Ask HN: Do any real world systems use Functional Relational Programming? - yasp
======
a-saleh
I don't think anybody used it as describe in the original Out of the tarpit
[1] (I hope I got the right paper :)

Closest I saw might be the now defunct Eve lang [2], because it was a reactive
system based on datalog (?) semantics, so it looks like it is one of the few
attempts, that played with some sort of relational semantics.

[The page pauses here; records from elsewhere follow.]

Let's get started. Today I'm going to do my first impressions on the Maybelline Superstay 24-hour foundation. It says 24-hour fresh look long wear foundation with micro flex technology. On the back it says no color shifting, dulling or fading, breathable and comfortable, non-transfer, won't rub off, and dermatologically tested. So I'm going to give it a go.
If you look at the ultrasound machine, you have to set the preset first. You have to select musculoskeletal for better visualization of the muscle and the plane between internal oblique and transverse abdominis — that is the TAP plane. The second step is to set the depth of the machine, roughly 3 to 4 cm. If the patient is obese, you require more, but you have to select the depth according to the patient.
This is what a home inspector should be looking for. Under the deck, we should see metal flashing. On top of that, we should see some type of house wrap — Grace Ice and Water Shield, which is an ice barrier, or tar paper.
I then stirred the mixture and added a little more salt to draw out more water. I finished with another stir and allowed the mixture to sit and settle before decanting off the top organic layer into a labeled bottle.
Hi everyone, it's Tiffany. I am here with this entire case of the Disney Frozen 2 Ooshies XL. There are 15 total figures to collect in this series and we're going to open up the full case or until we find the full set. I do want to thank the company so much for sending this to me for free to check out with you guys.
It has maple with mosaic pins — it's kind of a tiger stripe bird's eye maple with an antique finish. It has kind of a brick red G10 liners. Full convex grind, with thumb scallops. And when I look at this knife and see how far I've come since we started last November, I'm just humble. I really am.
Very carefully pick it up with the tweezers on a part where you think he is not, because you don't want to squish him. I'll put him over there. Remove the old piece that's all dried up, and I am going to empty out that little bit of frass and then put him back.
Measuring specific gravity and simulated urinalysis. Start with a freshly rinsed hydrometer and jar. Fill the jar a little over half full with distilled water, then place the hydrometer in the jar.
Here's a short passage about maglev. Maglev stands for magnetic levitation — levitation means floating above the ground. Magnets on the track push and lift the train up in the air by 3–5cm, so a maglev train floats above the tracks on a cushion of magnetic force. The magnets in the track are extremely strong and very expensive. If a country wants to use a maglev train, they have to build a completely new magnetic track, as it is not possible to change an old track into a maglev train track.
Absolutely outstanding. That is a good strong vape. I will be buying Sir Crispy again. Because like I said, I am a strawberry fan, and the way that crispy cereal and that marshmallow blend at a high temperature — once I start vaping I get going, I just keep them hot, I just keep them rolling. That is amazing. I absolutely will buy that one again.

Second I might consider could be C# with LINQ? This is probably the most
interesting embedding of relational programming into a modern mainstream
language :)

Third, these-days you mostly see Functional Relational Programming, that seems
to be trying to solve a similar problem. It drops the Relational entirely, but
there still is large focus on state-management.

[1]
[http://curtclifton.net/papers/MoseleyMarks06a.pdf](http://curtclifton.net/papers/MoseleyMarks06a.pdf)
[2] [https://github.com/witheve/eve-native](https://github.com/witheve/eve-
native)

------
pepper_sauce
I would argue Clojure gets close to it, especially in combination with Meander
[0], a lib for declarative/functional data transformation.

Unfortunately, I don't know if Meander is used in any production systems.

[0] [https://github.com/noprompt/meander](https://github.com/noprompt/meander)